Speaking: Neal Pastick, US Geological Survey
The Permafrost Discovery Gateway hosts a monthly webinar series on a Thursday at 09:00 Alaska time. The webinar aims to 1) connect the international science community interested in big data remote sensing of permafrost landscapes, and 2) provide the Permafrost Discovery Gateway development team with end-user stories (by the presenter and webinar participants), such as exploring tools the community needs to create and explore big data.
Areas along the Arctic coast are changing the fastest among all of Earth’s habitats due to climate change. Accelerated warming and changing precipitation regimes has led to extensive permafrost thaw that can substantially impact land cover distributions and the regional carbon balance. Moreover, there is growing interest in exploring for oil and gas resources in these areas which provide habitat for migratory birds, fish, caribou, and other species that are endangered or critical for local subsistence living. The coastal plain (1002 area) of the Arctic National Wildlife Refuge has seen renewed interest for oil and gas extraction recently, but past investigations suggest that the area has ongoing and extensive natural ecosystem changes. It is therefore urgent to improve the understanding of this area and its vulnerability to change. Here we describe results from a 3-year project that leverages: (1) field surveys to assess local vegetation, snow, topography soil conditions, and river/stream discharge; (2) remote sensing data (e.g. LiDAR, CubeSat, Maxar, Landsat, IceSAT-2) and analysis to document regional variations in surface and near-surface conditions through time, and; (3) advanced empirical and mechanistic modeling to simulate historical (1950 – 2022) and future (2023 – 2100) land cover, soil conditions, snow depth and runoff, and carbon dynamics in response to changes in climate and disturbances. We will provide an overview of study design and initial results from our field campaigns, remote sensing analysis (e.g., snow depth, topography), and modeling and data assimilation efforts. We will highlight efforts to characterize changing hydrologic conditions, thermokarst disturbances, and land cover using in situ observations, data acquired from passive and active sensors, deep neural networks, and a cryohydrologic (SUTRA-ICE) and state-and-transition model (the Alaska Disturbance Model).

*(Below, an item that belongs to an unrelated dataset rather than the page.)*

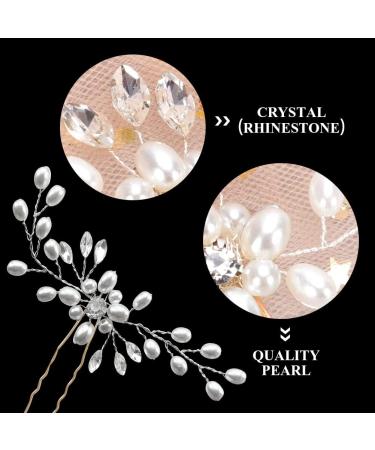 Wedding Bride Hair Pins Accessories For Women Pearl Silver NOCHME 2 Piece Retro Elegant Bridal Hair Pins Jewelry Crystal Diamante Hairs Clip For Girls Womens Ladies - Buy Online on GoSupps.com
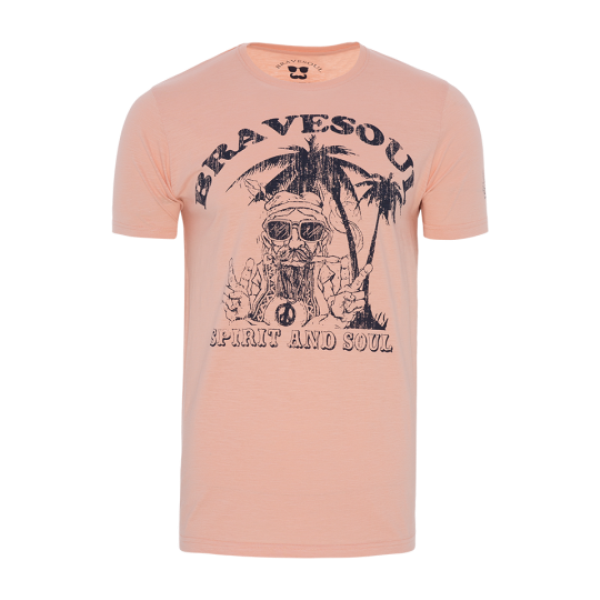 10.Crew neck short sleeve T-shirt with print front. - MTS 459HIPPIE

We are also exploring the use of a process-guided deep learning system that couples an ecosystem model (the Integrated Ecosystem Model) and an ensemble of deep neural networks for improving estimates of soil conditions (i.e., temperature, moisture) and carbon dynamics. The resulting data is to be used to identify areas vulnerable to change and will allow managers to better understand risks and guide oil and gas development if it occurs in the region.